# Redressing Pentel Pencils



## monophoto (Jul 19, 2015)

A search of the IAP archive and the internet will disclose a few articles on redressing Pentel pencils.


  The design of the Pentel pencil is especially conducive to redressing it in a wood.  The covering is simply a tube with a non-uniform ID.  Easy to say, but execution is an exercise in detailed machining.  The ID of the main body of the tube needs to be a minimum of ¼”.  One end must be slightly larger (to a depth of about 0.9 inches) to allow room for the chrome cap on the mechanism plunger, while the other end has a very small hole to receive the threaded nipple on the end of the Pentel mechanism.  The measured diameter of the nipple is 5/32”, and the hole must be 0.2” deep.  Since the cover is held onto the mechanism by screwing the nib cone onto the nipple, creating a suitable 5/32” hole is the most critical aspect of the project.


  I chose to use a 7mm brass pen tube to reinforce the blank.  It was necessary to make a few tools/fixtures along the way.  



  1.  Start with a blank exactly 4 ½” with square end.


  2.  With the blank held in a scroll chuck on the lathe, drill a hole using a 7mm brad point pen bit exactly 4.3” deep.  That should leave 0.2” of solid wood at the end of the blank.


  3.  I made a tapered bit to drill a 5/32” hole through the nib end of the blank.  The bit was made by epoxying the end of a 5/32” drill bit in a hole drilled in the end of a ¼” mild steel rod, allowing the bit to extend about ½” beyond the end of the rod..  Using emery paper and light machine oil, polish the steel rod until it fits inside a standard 7mm pen tube.


  4.  Cut a 3.6” length of 7mm pen tube, and dress the ends.  Slip the pen tube into the hole.  Then, insert the tapered drill into the pen tube, and drill a 5/32” hole through the end of the blank.  Don’t glue the tube in yet – it may be necessary to remove it if you find that the 7mm hole isn’t deep enough.
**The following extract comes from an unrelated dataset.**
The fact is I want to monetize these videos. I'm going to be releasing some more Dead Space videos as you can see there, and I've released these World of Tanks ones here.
  5.  Now, mount the blank between centers.  I used a mandrel in the headstock that consisted of a scrap of maple turned to make a No. 2 Morse taper with the cut-off shank of the 5/32” drill bit epoxied in the end.  At the tailstock, I had a live center with a wooden ‘nose’ that tapered to a ¼” dowel.  Turn the blank to a uniform 25/64” diameter, and then add a very subtle roll over at both ends.  Sand and finish.  
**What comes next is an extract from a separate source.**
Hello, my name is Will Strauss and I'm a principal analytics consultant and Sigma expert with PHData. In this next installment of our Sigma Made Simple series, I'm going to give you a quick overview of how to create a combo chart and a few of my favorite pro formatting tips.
  6.  The ‘innards’ of a Pentel pencil should fit inside this wooden barrel.  However, I found that I needed to fine-tune the barrel in two ways.  First, while the end of the Pentel mechanism measures 5/32”, I found that a 5/32” hole was a tad too small.  A #21 bit is nominally 0.002” larger and enlarged the hole enough for the mechanism nipple to slip through.  Second, I thought I had drilled the 7mm hole exactly 4.3 inches deep, but the threaded nipple didn’t extend far enough through the 5/32” hole, so I had to drill the 7mm hole a bit deeper.  



  7.  After all of the parts fit together, glue the brass tube in the hole.  I used thick CA glue, and only applied it around the middle of the tube.  The tube is about 0.9” shorter than the hole in the wooden barrel, so I used a toothpick to press it all the way to the bottom of the tube to that the gap left room for the chrome cap on the plunger on the Pentel mechanism.  Let the glue cure before taking the remaining steps.
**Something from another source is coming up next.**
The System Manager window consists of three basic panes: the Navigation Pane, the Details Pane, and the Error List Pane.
  8.  Press the clip onto a 3/8” transfer punch.  Then, holding the wooden barrel against the end of the transfer punch, slide the clip off the punch and onto the pencil barrel.  Some people machine a recess in the surface of the barrel to accommodate the clip; I chose to not do that.


  9.  Finally, insert the Pentel mechanism and secure it in place by screwing the nib onto the nipple extending through the end of the wooden barrel.


----------



## monophoto (Jul 13, 2017)

Here is a picture of some recently completed Pentel pencils


----------



## More4dan (Jul 13, 2017)

Great write up and beautiful pencils!  I was wondering, if I first turn the blank round, could I use a chuck to drill both ends w/o needing your specialty drill bit glued in a drill rod?  I'm using a metal lathe to turn and drill.

Danny


----------



## monophoto (Jul 13, 2017)

More4dan said:


> Great write up and beautiful pencils!  I was wondering, if I first turn the blank round, could I use a chuck to drill both ends w/o needing your specialty drill bit glued in a drill rod?  I'm using a metal lathe to turn and drill.




Don't see why not.  

Drilling the hole is the biggest challenge in doing these pencils, and there are likely several ways to skin that cat, all of which share the characteristic of requiring careful measurement and precise machining.  For me, part of the fun is the need for precise, careful work.


----------



## dogcatcher (Jul 13, 2017)

I turn my blanks between centers to 3/4" diameter.  Then use my collet chuck to hold it while I drill them.  I drill the large hole first, flip the blank around and drill the nib end.  Even taking my time some times the drill bit will wander off center, but that happens so rarely that I consider it a minor issue.


----------